1 files changed, 406 insertions, 0 deletions
diff --git a/numpy/ma/morestats.py b/numpy/ma/morestats.py
new file mode 100644
index 000000000..e7085c240
--- /dev/null
+++ b/numpy/ma/morestats.py
@@ -0,0 +1,406 @@
+"""
+Generic statistics functions, with support to MA.
+
+:author: Pierre GF Gerard-Marchant
+:contact: pierregm_at_uga_edu
+:date: $Date: 2007-10-29 17:18:13 +0200 (Mon, 29 Oct 2007) $
+:version: $Id: morestats.py 3473 2007-10-29 15:18:13Z jarrod.millman $
+"""
+__author__ = "Pierre GF Gerard-Marchant ($Author: jarrod.millman $)"
+__version__ = '1.0'
+__revision__ = "$Revision: 3473 $"
+__date__     = '$Date: 2007-10-29 17:18:13 +0200 (Mon, 29 Oct 2007) $'
+
+
+import numpy
+from numpy import bool_, float_, int_, ndarray, \
+    sqrt,\
+    arange, empty,\
+    r_
+from numpy import array as narray
+import numpy.core.numeric as numeric
+from numpy.core.numeric import concatenate
+
+import numpy.ma as MA
+from numpy.ma.core import masked, nomask, MaskedArray, masked_array
+from numpy.ma.extras import apply_along_axis, dot
+from numpy.ma.mstats import trim_both, trimmed_stde, mquantiles, mmedian, stde_median
+
+from scipy.stats.distributions import norm, beta, t, binom
+from scipy.stats.morestats import find_repeats
+
+__all__ = ['hdquantiles', 'hdmedian', 'hdquantiles_sd',
+           'trimmed_mean_ci', 'mjci', 'rank_data']
+
+
+#####--------------------------------------------------------------------------
+#---- --- Quantiles ---
+#####--------------------------------------------------------------------------
+def hdquantiles(data, prob=list([.25,.5,.75]), axis=None, var=False,):
+    """Computes quantile estimates with the Harrell-Davis method, where the estimates
+are calculated as a weighted linear combination of order statistics.
+
+*Parameters* :
+    data: {ndarray}
+        Data array.
+    prob: {sequence}
+        Sequence of quantiles to compute.
+    axis : {integer}
+        Axis along which to compute the quantiles. If None, use a flattened array.
+    var : {boolean}
+        Whether to return the variance of the estimate.
+
+*Returns*
+    A (p,) array of quantiles (if ``var`` is False), or a (2,p) array of quantiles
+    and variances (if ``var`` is True), where ``p`` is the number of quantiles.
+
+:Note:
+    The function is restricted to 2D arrays.
+    """
+    def _hd_1D(data,prob,var):
+        "Computes the HD quantiles for a 1D array. Returns nan for invalid data."
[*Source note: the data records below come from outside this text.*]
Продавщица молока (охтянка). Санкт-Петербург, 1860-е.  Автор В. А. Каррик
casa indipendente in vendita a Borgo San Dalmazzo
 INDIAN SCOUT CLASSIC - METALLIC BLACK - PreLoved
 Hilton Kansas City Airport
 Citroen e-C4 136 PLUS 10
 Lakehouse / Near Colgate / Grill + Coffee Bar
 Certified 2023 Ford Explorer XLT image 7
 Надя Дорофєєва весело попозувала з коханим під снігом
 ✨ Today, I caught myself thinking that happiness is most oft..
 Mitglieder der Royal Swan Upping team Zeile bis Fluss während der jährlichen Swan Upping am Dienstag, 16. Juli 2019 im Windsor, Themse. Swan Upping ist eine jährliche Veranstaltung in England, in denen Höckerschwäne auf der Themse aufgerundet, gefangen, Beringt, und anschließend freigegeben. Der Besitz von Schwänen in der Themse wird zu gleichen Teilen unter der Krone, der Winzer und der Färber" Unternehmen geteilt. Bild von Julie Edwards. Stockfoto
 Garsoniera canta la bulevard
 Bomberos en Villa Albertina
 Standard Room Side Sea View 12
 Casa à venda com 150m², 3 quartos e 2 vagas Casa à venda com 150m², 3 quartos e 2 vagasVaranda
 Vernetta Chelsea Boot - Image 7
+        xsorted = numpy.squeeze(numpy.sort(data.compressed().view(ndarray)))
+        # Don't use length here, in case we have a numpy scalar
+        n = xsorted.size
+        #.........
+        hd = empty((2,len(prob)), float_)
+        if n < 2:
+            hd.flat = numpy.nan
+            if var:
+                return hd
+            return hd[0]
+        #.........
+        v = arange(n+1) / float(n)
+        betacdf = beta.cdf
+        for (i,p) in enumerate(prob):
+            _w = betacdf(v, (n+1)*p, (n+1)*(1-p))
+            w = _w[1:] - _w[:-1]
+            hd_mean = dot(w, xsorted)
+            hd[0,i] = hd_mean
+            #
+            hd[1,i] = dot(w, (xsorted-hd_mean)**2)
+            #
+        hd[0, prob == 0] = xsorted[0]
+        hd[0, prob == 1] = xsorted[-1]
+        if var:
+            hd[1, prob == 0] = hd[1, prob == 1] = numpy.nan
+            return hd
+        return hd[0]
+    # Initialization & checks ---------
+    data = masked_array(data, copy=False, dtype=float_)
+    p = numpy.array(prob, copy=False, ndmin=1)
+    # Computes quantiles along axis (or globally)
+    if (axis is None) or (data.ndim == 1):
+        result = _hd_1D(data, p, var)
+    else:
+        assert data.ndim <= 2, "Array should be 2D at most !"
+        result = apply_along_axis(_hd_1D, axis, data, p, var)
+    #
+    return masked_array(result, mask=numpy.isnan(result))
+
+#..............................................................................
+def hdmedian(data, axis=-1, var=False):
+    """Returns the Harrell-Davis estimate of the median along the given axis.
+
+*Parameters* :
+    data: {ndarray}
+        Data array.
+    axis : {integer}
+        Axis along which to compute the quantiles. If None, use a flattened array.
+    var : {boolean}
+        Whether to return the variance of the estimate.
+    """
+    result = hdquantiles(data,[0.5], axis=axis, var=var)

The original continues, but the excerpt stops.